◆ Task objective
Look for the string "Drive" in the material below. Copy every line where you find it.

◆ Record excerpts

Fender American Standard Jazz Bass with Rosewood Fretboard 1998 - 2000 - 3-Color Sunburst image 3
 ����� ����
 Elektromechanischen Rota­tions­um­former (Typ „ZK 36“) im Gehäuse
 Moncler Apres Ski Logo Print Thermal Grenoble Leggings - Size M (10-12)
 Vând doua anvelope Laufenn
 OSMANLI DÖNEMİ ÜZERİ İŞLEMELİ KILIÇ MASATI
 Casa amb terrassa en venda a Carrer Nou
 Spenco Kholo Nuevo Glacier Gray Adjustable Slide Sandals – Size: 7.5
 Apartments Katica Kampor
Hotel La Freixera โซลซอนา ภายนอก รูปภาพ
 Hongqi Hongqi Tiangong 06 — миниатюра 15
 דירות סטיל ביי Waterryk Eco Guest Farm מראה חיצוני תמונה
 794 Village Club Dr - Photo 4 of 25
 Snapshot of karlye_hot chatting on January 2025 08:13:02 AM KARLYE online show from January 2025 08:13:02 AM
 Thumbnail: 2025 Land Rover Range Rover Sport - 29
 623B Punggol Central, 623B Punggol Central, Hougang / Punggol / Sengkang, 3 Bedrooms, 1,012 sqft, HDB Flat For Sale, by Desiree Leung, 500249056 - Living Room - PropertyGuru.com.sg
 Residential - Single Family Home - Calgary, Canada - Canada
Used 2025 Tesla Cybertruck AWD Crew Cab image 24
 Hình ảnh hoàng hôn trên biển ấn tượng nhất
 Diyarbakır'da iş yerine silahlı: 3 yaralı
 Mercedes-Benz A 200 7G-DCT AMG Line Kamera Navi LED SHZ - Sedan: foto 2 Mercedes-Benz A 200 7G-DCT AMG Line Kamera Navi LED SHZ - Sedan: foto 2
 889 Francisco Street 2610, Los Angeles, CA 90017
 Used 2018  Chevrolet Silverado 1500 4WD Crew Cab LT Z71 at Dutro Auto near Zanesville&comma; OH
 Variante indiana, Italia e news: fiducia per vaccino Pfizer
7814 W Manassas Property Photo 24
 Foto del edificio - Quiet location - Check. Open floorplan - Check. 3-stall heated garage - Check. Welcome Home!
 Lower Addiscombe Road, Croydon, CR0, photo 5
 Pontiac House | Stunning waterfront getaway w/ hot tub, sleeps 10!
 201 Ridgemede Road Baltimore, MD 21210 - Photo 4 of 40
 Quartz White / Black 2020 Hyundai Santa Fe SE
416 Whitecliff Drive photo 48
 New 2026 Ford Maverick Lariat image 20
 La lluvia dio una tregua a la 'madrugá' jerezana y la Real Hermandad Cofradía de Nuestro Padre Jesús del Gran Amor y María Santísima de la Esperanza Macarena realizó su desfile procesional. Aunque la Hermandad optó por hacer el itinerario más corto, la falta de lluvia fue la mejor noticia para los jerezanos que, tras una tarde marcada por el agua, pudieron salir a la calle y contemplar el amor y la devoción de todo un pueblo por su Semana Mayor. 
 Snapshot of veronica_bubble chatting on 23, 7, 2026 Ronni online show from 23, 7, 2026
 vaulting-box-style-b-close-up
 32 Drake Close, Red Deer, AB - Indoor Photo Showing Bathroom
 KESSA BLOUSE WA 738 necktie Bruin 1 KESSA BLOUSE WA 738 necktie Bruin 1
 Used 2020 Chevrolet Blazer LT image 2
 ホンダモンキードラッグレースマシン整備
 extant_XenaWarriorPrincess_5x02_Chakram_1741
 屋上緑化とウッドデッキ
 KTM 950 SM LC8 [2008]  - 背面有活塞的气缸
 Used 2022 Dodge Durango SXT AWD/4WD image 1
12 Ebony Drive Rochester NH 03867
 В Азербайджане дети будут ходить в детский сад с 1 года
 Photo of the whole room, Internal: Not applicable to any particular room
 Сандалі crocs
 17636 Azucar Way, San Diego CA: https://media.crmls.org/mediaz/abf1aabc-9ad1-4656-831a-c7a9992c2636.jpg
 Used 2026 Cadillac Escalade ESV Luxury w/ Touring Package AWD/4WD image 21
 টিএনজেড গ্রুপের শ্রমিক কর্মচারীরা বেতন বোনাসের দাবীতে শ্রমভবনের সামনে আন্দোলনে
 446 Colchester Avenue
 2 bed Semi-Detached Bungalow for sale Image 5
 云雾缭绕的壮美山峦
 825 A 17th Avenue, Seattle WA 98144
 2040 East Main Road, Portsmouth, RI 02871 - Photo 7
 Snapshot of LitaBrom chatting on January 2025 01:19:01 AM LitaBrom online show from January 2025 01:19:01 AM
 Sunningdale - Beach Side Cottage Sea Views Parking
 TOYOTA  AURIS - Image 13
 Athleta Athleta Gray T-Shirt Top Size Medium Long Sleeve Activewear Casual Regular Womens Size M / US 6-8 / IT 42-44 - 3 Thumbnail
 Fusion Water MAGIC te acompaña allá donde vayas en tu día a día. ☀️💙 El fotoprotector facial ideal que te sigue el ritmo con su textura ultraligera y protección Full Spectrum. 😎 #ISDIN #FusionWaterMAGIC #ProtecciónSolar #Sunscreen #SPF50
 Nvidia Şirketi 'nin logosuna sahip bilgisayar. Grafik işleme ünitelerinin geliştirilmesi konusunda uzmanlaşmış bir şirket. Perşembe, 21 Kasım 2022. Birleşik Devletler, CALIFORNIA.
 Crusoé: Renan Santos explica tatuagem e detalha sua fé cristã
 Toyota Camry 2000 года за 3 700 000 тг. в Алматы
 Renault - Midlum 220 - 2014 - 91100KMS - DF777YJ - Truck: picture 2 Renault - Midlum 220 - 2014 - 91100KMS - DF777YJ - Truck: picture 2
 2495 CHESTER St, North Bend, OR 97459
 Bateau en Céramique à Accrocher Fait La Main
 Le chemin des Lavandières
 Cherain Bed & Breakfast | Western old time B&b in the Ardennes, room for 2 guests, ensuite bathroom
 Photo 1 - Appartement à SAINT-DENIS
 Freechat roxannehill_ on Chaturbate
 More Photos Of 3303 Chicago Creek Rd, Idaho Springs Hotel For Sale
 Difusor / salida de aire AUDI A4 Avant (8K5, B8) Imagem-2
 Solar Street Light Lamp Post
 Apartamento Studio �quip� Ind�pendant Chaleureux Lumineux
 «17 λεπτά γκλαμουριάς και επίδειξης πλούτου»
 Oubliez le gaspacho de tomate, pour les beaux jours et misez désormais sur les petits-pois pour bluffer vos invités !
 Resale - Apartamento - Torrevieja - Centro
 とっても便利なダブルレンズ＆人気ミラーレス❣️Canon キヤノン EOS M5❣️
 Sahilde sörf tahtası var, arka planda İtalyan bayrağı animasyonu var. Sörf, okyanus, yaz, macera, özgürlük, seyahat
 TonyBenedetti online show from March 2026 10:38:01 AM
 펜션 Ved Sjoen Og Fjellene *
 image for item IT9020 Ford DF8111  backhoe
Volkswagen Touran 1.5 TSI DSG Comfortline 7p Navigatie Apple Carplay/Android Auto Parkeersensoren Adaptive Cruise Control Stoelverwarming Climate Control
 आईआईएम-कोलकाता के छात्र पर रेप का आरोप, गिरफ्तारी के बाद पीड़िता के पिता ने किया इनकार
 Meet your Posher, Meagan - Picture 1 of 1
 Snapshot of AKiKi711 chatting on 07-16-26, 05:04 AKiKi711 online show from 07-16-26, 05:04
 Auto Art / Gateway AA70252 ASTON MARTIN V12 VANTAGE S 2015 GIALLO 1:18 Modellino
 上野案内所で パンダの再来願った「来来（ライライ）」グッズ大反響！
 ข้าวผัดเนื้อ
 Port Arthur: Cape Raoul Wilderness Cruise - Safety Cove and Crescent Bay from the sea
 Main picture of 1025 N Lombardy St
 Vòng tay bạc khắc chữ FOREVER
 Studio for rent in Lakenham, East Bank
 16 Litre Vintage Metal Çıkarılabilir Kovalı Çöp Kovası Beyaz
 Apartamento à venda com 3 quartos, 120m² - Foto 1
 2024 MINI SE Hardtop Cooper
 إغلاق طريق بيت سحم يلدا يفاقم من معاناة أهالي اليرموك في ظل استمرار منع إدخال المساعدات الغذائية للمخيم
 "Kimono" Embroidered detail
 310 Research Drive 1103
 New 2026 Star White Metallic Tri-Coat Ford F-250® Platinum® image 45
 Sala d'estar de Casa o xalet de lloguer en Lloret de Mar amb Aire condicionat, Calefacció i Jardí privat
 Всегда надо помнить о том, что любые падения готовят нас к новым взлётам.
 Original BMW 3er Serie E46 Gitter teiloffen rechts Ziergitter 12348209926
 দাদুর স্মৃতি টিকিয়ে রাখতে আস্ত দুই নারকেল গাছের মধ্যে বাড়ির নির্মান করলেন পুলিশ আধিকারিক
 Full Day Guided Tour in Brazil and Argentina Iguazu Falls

◆ Reply
416 Whitecliff Drive photo 48
12 Ebony Drive Rochester NH 03867
 310 Research Drive 1103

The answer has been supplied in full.